Why steering clear of the Middle East is a terrible idea

Why steering clear of the Middle East is a terrible idea

Much as the United States may like to, staying out the Middle East just isn’t an option — not if security is a priority.

Last month, Jeff Stein and Jonathan Broder wrote an article at Newsweek. It’s worth reading. Defending President Barack Obama’s foreign policy, the authors reference Roman strategy to suggest that America “may have to learn to live” with Middle Eastern chaos:

“As the Roman historian Tacitus wrote… ‘The Germanic tribes, left alone, would become divided again and cease to be dangerous.’ That might well be the hard lesson America has to learn.”

It’s a tempting argument, after years of war that have killed or wounded tens of thousands of Americans — and cost trillions of dollars. As former Defense Secretary Robert Gates put it in 2011, “any future defense secretary who again advises the president to send a large army into Asia or the Middle East or Africa should have his head examined.”

I share that sentiment.

Still, we must be cautious about caution. The prospect of security without exerting international influence is a mirage. Today, in the absence of U.S. influence, various factions in the Middle East render American interests increasingly vulnerable.

Consider America’s war against Islamic State. Here, President Obama’s strategy is openly focused on restraining the extremist organization rather than defeating it. Recognizing the political roots of its power, Obama believes defeating Islamic State won’t be accomplished without indigenous leadership. Strategist Andrew Bacevich echoes his philosophy:

“These are problems that the people in the region are going to have to figure out how to solve […] at the end of the day, they will have a better chance of solving their own problems than we will have a chance of imposing a solution on them.”

It sounds good. But this assessment has two central flaws.

First, it assumes that the conflicted factions will ever achieve compromise. Second, it limits American power to the derogatory notion of “imposed” solutions.

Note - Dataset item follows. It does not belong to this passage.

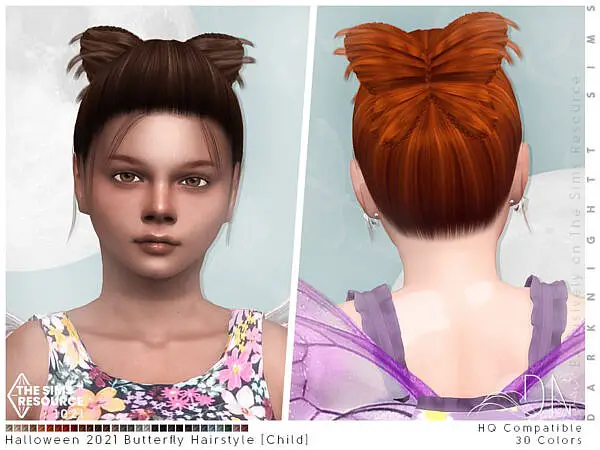 Halloween 2021 Butterfly Hair by DarkNighTt ~ The Sims Resource for Sims 4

Unfortunately, Islamic State is not a static, localized threat. Driven by a “total war” ideology, and empowered by extraordinary self-belief, the organization is metastasizing globally, as thousands of Salafi-Jihadists now pledge loyalty to Islamic State. Moreover, embracing brutality as the standard of holy credibility, IS has catalyzed jihadist aggression in general.

And by deliberately relinquishing American influence in the Middle East, Obama has allowed others to fill the vacuum. Notably, Iran.

Undeterred by America, Iran is fueling a Middle Eastern meltdown. Pursuing its own sectarianinterest in suppressing Sunni Muslims, Iran is encouraging Sunnis to believe that groups like Islamic State and al Qaeda are necessary guardians.

Consider the chaos in Iraq’s Anbar province. Home to an array of Sunni tribes allied against Islamic State, Anbar offers a place to mobilize regional forces to defeat the fanatics. Yet because Obama fears that arming the tribes will anger Iran, he’s sacrificed a real means of defeating Islamic State.

Thus we see the weakness of the Obama-Bacevich “imposing a solution” narrative. Its over-broad interpretation of “imposing” has displaced meaningful strategic alternatives — for one, America’s possibility to act as a critical interlocutor. By deriding such thoughts as neo-conservative arrogance, Obama is enabling the politicization of sectarianism.

Of course, this isn’t to say that America can revert to old doctrines in the Middle East. Many Republicans, for example, are deeply misguided in their belief that supporting pro-American autocracies underpins U.S. security. On the contrary, U.S. support for authoritarians fuelspopular extremism. Political Islam must be moderated, but Islamists must also have avenues of expression.

Nevertheless, leaving the Middle East alone won’t drain it of chaos. This takes us back to Stein and Broder’s conclusion. The authors rightly point out that Rome preserved its power with strategic caution. But Rome’s caution wasn’t all-defining but instead calibrated to occasional, vigorous interaction. Rome forged or co-opted allies, and deterred foes in the looming shadow of its greater power.

Rightly neglecting imperial ambitions, with a mind to protecting U.S. interests, Obama should do the same.